■ Assigned task
Lines from the beginning of the entries up to and including the one with "Fun during dance" must be duplicated word for word; leave out all others.

--------

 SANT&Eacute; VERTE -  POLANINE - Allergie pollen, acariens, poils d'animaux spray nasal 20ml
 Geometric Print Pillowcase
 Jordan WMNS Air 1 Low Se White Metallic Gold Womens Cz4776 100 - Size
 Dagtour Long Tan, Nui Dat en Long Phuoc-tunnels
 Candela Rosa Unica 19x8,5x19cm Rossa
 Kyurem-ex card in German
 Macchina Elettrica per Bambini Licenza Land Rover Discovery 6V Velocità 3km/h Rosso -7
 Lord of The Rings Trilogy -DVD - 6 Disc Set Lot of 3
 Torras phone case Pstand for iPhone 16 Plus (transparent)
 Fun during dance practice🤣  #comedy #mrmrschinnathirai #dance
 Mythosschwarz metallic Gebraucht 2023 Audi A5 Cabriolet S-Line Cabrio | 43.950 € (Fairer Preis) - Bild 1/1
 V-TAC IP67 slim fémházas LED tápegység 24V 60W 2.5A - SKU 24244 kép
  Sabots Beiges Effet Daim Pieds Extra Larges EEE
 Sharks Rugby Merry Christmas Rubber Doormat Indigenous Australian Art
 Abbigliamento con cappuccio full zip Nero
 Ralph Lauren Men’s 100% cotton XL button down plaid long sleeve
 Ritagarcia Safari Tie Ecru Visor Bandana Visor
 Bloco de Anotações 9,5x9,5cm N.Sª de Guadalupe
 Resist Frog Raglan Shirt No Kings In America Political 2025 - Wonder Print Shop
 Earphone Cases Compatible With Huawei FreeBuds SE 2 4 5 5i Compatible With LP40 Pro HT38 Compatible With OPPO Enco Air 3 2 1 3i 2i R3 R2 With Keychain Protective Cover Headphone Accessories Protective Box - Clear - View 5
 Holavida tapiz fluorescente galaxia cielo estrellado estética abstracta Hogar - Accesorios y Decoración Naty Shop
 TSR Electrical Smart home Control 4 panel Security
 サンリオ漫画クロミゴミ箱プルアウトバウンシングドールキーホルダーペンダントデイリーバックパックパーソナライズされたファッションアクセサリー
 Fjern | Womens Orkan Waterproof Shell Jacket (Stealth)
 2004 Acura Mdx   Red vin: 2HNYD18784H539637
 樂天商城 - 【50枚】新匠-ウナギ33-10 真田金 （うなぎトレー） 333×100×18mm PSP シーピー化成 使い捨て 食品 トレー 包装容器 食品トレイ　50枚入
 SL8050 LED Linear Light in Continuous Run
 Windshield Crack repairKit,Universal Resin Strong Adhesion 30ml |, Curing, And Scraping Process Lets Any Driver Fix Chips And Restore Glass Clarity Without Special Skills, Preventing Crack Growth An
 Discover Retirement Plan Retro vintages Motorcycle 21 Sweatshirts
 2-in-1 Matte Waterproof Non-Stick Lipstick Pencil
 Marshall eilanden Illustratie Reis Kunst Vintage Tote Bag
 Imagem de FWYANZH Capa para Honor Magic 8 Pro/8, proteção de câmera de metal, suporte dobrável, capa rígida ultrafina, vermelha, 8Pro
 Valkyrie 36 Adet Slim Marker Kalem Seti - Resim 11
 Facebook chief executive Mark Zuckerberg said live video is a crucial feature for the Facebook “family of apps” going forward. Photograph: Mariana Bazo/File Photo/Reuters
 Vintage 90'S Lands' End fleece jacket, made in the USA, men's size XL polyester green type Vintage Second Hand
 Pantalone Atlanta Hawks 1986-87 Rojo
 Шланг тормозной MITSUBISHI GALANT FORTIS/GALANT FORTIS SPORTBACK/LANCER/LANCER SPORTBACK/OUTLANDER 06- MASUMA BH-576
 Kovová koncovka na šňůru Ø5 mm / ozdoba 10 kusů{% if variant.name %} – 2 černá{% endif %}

--------

■ Output
 SANT&Eacute; VERTE -  POLANINE - Allergie pollen, acariens, poils d'animaux spray nasal 20ml
 Geometric Print Pillowcase
 Jordan WMNS Air 1 Low Se White Metallic Gold Womens Cz4776 100 - Size
 Dagtour Long Tan, Nui Dat en Long Phuoc-tunnels
 Candela Rosa Unica 19x8,5x19cm Rossa
 Kyurem-ex card in German
 Macchina Elettrica per Bambini Licenza Land Rover Discovery 6V Velocità 3km/h Rosso -7
 Lord of The Rings Trilogy -DVD - 6 Disc Set Lot of 3
 Torras phone case Pstand for iPhone 16 Plus (transparent)
 Fun during dance practice🤣  #comedy #mrmrschinnathirai #dance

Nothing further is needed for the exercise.